HOG特徵提取的一些參數設置可以在函數中看到,如圖像尺寸爲64×64,設置了9個梯度方向(bin=9)進行梯度信息統計,cell的大小爲8×8,每個block包含4個cell(cpb=(2, 2)),標準化方法採用L2標準化(norm=”L2”)。

SVM分類器

對於支持向量機的介紹,網上有一份非常不錯的教程:支持向量機通俗導論(理解SVM的三層境界),建議去看一看。我們這裏主要是用SVM來對找到的候選區域上提取到的HOG特徵做分類。這裏我將分別SVM分類器的數據集創建和擴充、模型訓練和測試。

數據集創建

這裏的數據集和剛開始我們介紹的用於目標檢測的數據集不同,我們這邊需要構建一個用於分類的數據集。因爲已經有了上面的數據,我們可以直接從我們的檢測數據中生成。這邊我採用的方法和上面介紹的候選區域提取很相似。總體的思路是從目標檢測的數據集中裁剪出目標區域作爲SVM分類的正樣本,同時裁剪出其他的區域(不包含目標的區域)作爲負樣本。具體的做法如下:

(1)對於包含目標的圖片,直接根據標籤信息裁剪出一個正方形區域(以長邊爲邊長,少數邊界情況需要變形),並移除一些不好的樣本(size很小的區域)。這裏裁剪出的正樣本或多或少包含一部分背景信息,這有利於提高模型對噪聲的魯棒性,同時也爲樣本較少的情況下數據擴充(如仿射變換)提供了可能。

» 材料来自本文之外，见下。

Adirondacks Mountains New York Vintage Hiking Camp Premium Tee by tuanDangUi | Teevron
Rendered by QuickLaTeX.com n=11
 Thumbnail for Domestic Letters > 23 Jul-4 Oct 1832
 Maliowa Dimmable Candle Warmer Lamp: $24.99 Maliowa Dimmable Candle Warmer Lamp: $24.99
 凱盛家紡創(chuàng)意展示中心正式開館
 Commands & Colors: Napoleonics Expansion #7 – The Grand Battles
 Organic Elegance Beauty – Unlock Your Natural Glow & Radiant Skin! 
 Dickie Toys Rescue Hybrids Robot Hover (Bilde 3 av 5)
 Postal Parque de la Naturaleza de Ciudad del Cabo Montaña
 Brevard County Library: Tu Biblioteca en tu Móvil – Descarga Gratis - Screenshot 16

(2)對於不包含任何目標的圖片,通過顏色閾值分割(紅色和藍色)和凸包檢測提取一些區域,並裁剪正方形區域(以長邊爲邊長),移除面積較小的區域。與直接隨機裁剪相比,這種做法更有針對性,因爲在檢測提取候選框的時候,很多和交通標誌顏色很像的區域會被找出來,直接把這些樣本當作負樣本對於我們的模型訓練很有幫助。

以下是我用的創建正負樣本的函數:

解析圖片標註信息

def parse_xml(xml_file):
    """parse xml_file
    Args:
        xml_file: the input xml file path
    Returns:
        image_path: string
        labels: list of [xmin, ymin, xmax, ymax, class]
    """
    tree = ET.parse(xml_file)
    root = tree.getroot()
    image_path = ''
    labels = []

    for item in root:
        if item.tag == 'filename':
            image_path = os.path.join(DATA_PATH, "JPEGImages/", item.text)
        elif item.tag == 'object':
            obj_name = item[0].text
            obj_num = classes_num[obj_name]
            xmin = int(item[4][0].text)
            ymin = int(item[4][1].text)
            xmax = int(item[4][2].text)
            ymax = int(item[4][3].text)
            labels.append([xmin, ymin, xmax, ymax, obj_num])
    return image_path, labels

正樣本和負樣本提取

def produce_pos_proposals(img_path, write_dir, labels, min_size, square=False, proposal_num=0, ):
    """produce positive proposals based on labels.
    Args:
        img_path: image path.
        write_dir: write directory.
        min_size: the minimum size of the proposals.
        labels: a list of bounding boxes.
            [[x1, y1, x2, y2, cls_num], [x1, y1, x2, y2, cls_num], ...]
        square:  crop a square or not.
    Return:
        proposal_num: proposal numbers.
    """
    img = cv2.imread(img_path)
    rows = img.shape[0]
    cols = img.shape[1]
    for label in labels:
        xmin, ymin, xmax, ymax, cls_num = np.int32(label)
        # remove the proposal with small area
        if xmax-xmin<min_size or ymax-ymin<min_size:
            continue
        # crop a square area
        if square is True:
            xcenter = int((xmin + xmax)/2)
            ycenter = int((ymin + ymax)/2)
            size = max(xmax-xmin, ymax-ymin)
            xmin = max(xcenter-size/2, 0)
            xmax = min(xcenter+size/2,cols)
            ymin = max(ycenter-size/2, 0)
            ymax = min(ycenter+size/2,rows)
            proposal = img[ymin:ymax, xmin:xmax]
            proposal = cv2.resize(proposal, (size,size))
        else:
            proposal = img[ymin:ymax, xmin:xmax]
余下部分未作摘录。